Within a divided Unionism, in other words, the whole thing has seemed problematic rather than a help. At the Ulster Unionist party conference, held a week after the announcement, the prize was barely mentioned. More recently, Mr Trimble noted: "In certain sections of the Unionist community people have felt uncertain, uneasy about the developments, worried about whether they will be for real, whether they really will deliver what they promise or whether it's all simply a con job. It [the prize] doesn't change anything, except it changes the atmosphere and it generates confidence and I think people feel easier with things as a result."

It will, however, take some time for traditionally xenophobic Protestants to become accustomed to viewing the international community as friendly, or even neutral, rather than as pro-Irish nationalist.
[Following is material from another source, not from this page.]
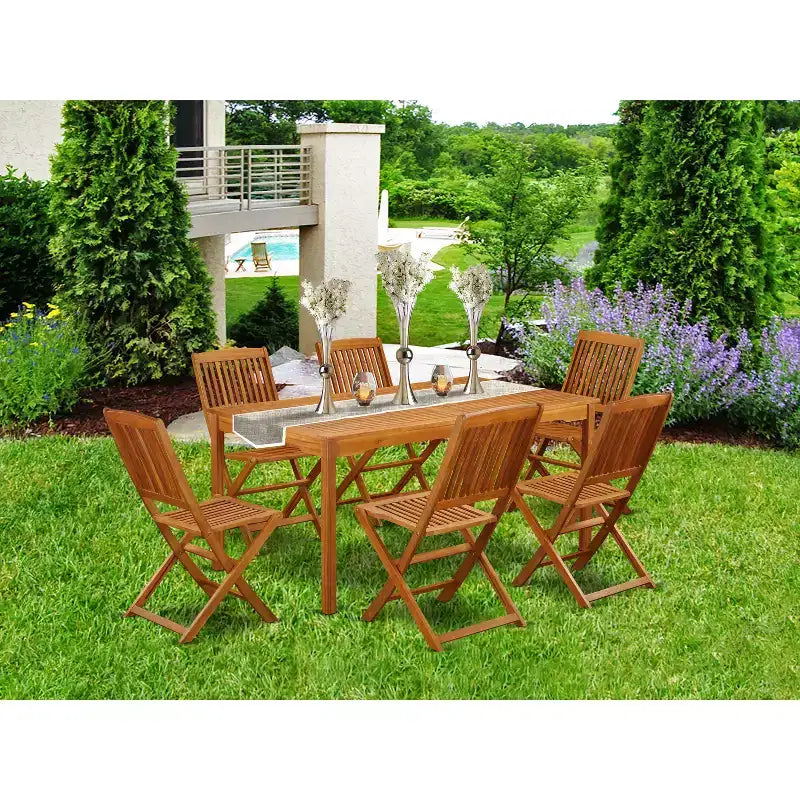 Mesa de comedor de 7 piezas con tapa de madera maciza con acabado de roble natural y 6 sillas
But some of the Good Friday agreement's more far-sighted architects fervently hope that the accord, together with gestures such as the Peace prize, will offer new horizons and new perspectives on the outside world.

Many will regret, even as they congratulate the prize-winners, that the work of others involved in the peace process will not go down on the Nobel list. George Mitchell, the former US senator who chaired the talks with sometimes superhuman patience, is often mentioned as a possible recipient; so too are Tony Blair, Mo Mowlam, the Irish Prime Minister Bertie Ahern and various others.

In the meantime, at the mundane level of everyday politics, the daily and of late unproductive slog continues. Last week Tony Blair thought he had set up another increment of progress, only to have the deal fall apart within hours of his departure.

Arms decommissioning is as difficult and dangerous an issue as ever. Last week's exercise was intended to clear the decks for a new assault on the problem by dealing with the less highly charged issues of how many new government departments and cross-border bodies there should be.

These are important but essentially administrative details which a modicum of horse-trading should have settled. Most sides thought it would be good to have some progress to show, before the Nobel presentation and the Christmas recess but, in the event, a general Unionist trepidation about the pace and direction of events prevented even this modest advance.

This raised several disturbing points. For one thing, Mr Trimble seems to have decided to proceed only at the speed of the slowest ships in the Unionist convoy, which is to say that he will be governed largely by the most nervous of his assembly backbenchers.

For another, Mr Blair's authority was undermined, at least temporarily. The moment seemed right for progress and the prime ministerial presence has often been enough, at strategic points, to help bring about movement. But last week the Blair touch did not work as envisaged: he will be reviewing what went wrong and attempting to ensure it does not happen again.

In Oslo today the air will be filled with high-minded rhetoric, but back in Belfast last week's setback has amply replenished the old reservoirs of mistrust and suspicion. No solution is in sight to the years-old decommissioning problem; Mr Trimble and Mr Mallon are not getting on; tensions abound; trust is in short supply.

Yet for all that, the overall mood among both the politicians and the public at large contains much more hope than dismay. Although no one has been able to show just how the decommissioning issue can be resolved, there is nevertheless a widespread expectation that it somehow will be.

The Nobel prize has had no appreciable effect on the political classes, and has not created goodwill where until now none existed. To many members of the general public, however, it has great meaning as an award which reflects their profoundly held aspiration for peace.

If the present drama should escalate into crisis, it is they who will probably rescue the peace process from collapse. As voters, they of course care about the fortunes of the parties they support; but as citizens they put the preservation of peace far above party advantage. If need be, they will be there to give their representatives the same message as that of the Nobel Committee: that from now on failure is no longer an option.